Just as CrowdJustice creates a three-way relationship between people who wouldn’t usually be connected in the legal world, how about topping up procurement for state education? The school/child would be the recipient, the school/academy trust would be the service provider and the parent/private individual would be the backer/investor.
There are numerous reasons why these things won’t happen, at least any time soon. But here’s one idea for how future crowdfunding-based models could work.
Theoretical possibilities
Alex Tabarrok, economist and Marginal Revolution University co-founder, published a paper two decades ago that put forward a solution to the free rider problem in market provision of public goods – a problem because public goods are non-excludable (you can’t stop people who haven’t paid from using them) and non-rivalrous (one person’s use doesn’t impinge on someone else’s).
Social care, scientific research and schooling are not public goods – you can exclude people, and if one person is taking a school place or a carer’s time, someone else can’t. But Tabarrok’s solution – the dominant assurance contract – solves another issue at the same time: the forced rider.
A forced rider is someone who has to pay for a service even if they don’t benefit from that service. Perhaps people endure being forced riders because we all think things like schools or social care should be provided, and there’s no way of providing them, save the state. So even if the process is inefficient and often seemingly unfair, we put up with it.
The dominant assurance contract is an example of an alternative way. In a traditional assurance contract, people pledge to fund a public good, provided enough other people pledge to fund it too. No money is taken unless enough backers come in and fund. This is already the norm on donation and rewards-based crowdfunding platforms like Kickstarter.

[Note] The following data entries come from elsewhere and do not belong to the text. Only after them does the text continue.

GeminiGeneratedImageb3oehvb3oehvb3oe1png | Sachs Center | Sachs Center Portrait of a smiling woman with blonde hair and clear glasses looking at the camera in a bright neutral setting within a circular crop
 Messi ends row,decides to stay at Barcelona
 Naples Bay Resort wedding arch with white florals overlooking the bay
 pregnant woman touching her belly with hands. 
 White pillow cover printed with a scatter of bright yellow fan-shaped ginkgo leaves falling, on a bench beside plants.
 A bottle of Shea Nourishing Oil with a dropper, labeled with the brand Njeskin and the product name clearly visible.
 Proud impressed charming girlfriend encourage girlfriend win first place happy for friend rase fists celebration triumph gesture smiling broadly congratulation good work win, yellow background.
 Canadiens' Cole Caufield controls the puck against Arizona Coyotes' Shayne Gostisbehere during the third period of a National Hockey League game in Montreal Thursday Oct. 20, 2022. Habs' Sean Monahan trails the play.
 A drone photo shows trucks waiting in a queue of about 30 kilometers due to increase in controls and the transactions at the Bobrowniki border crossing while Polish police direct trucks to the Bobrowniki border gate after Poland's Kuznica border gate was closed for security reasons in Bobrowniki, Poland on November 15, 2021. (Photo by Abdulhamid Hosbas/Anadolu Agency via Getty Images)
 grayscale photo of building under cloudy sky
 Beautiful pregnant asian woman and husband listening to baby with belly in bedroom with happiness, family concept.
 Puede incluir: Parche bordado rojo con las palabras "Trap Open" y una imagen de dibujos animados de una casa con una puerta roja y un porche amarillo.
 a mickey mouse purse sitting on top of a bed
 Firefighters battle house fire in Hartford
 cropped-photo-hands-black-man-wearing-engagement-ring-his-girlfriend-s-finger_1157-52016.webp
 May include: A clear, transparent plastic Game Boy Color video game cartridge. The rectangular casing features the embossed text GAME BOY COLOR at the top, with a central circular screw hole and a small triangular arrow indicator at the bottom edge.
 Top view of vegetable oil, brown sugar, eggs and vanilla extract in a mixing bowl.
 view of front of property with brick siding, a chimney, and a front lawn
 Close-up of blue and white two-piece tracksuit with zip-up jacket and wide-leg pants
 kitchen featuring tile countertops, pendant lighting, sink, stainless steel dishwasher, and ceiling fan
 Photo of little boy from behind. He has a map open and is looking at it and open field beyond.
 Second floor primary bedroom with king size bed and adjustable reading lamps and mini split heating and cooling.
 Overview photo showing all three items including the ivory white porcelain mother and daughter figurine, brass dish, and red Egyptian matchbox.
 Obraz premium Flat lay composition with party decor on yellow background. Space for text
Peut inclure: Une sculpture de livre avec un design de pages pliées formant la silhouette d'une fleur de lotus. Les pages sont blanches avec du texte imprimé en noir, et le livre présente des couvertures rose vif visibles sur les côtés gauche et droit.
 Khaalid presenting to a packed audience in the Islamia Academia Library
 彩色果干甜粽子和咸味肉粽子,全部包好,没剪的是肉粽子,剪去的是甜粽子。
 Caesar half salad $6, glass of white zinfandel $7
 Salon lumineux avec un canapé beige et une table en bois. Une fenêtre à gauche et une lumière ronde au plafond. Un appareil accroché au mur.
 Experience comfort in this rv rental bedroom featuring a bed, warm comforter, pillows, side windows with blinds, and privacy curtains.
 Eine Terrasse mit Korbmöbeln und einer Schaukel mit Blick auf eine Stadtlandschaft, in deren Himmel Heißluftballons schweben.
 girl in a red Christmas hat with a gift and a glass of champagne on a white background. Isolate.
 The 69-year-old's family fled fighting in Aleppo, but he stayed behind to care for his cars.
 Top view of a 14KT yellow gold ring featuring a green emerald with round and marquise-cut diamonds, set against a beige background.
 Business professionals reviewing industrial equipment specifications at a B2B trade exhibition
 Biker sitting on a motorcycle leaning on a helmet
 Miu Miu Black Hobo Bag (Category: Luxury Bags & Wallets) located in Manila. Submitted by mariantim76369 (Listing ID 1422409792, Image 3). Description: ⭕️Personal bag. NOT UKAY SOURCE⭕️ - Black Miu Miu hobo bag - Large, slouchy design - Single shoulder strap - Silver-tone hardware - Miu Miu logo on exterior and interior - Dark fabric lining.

A dominant assurance contract adds a layer: the individual or company agreeing to produce the product or public good if a funding target is reached also agrees to do so on the grounds that, if x or fewer people pledge, they will pay out a sum of money (“prize”) to those who did. As Tabarrok says: “pledging is now a no-lose proposition – if enough people pledge you get the public good and if not enough pledge you get the prize.”
Harvard researcher Jameson Quinn trialled Tabarrok’s idea in 2013, raising money for The Center for Election Science. Each backer agreed to give $60 if 20 or more pledged. If fewer than 20 did, Quinn would give them $5 each, and they would pay nothing. It worked. The final three pledges only came in the last half an hour, but the prospect of potentially getting $5 for nothing meant that, even for the least interested, there was an incentive to participate in the fundraise.
Having a go
Crowdfunding technology is evolving all the time, with more data analysis and increasingly sophisticated interactions being built in. And complementary technologies like smart contracts, which execute automatically based on pre-defined rules, are already in use.
Not everyone who needs a public service can pay. But a lot of people could pay a bit, and there are people who could be incentivised – rather than forced – to pay more. And crucially, funds can go direct to a provider on behalf of a recipient, rather than be re-routed via a centralised body that takes a slice and makes decisions on others’ behalf.
The right models could mean roads and airports funded by people near them or who use them; competing schools that lower the cost of education while raising standards; more policemen where people feel unsafe.
With an estimated adult social care funding gap of £3bn by the end of this parliament, isn’t it time to turn to technology and make the provision of services more efficient, cheaper, more accurate, and fairer?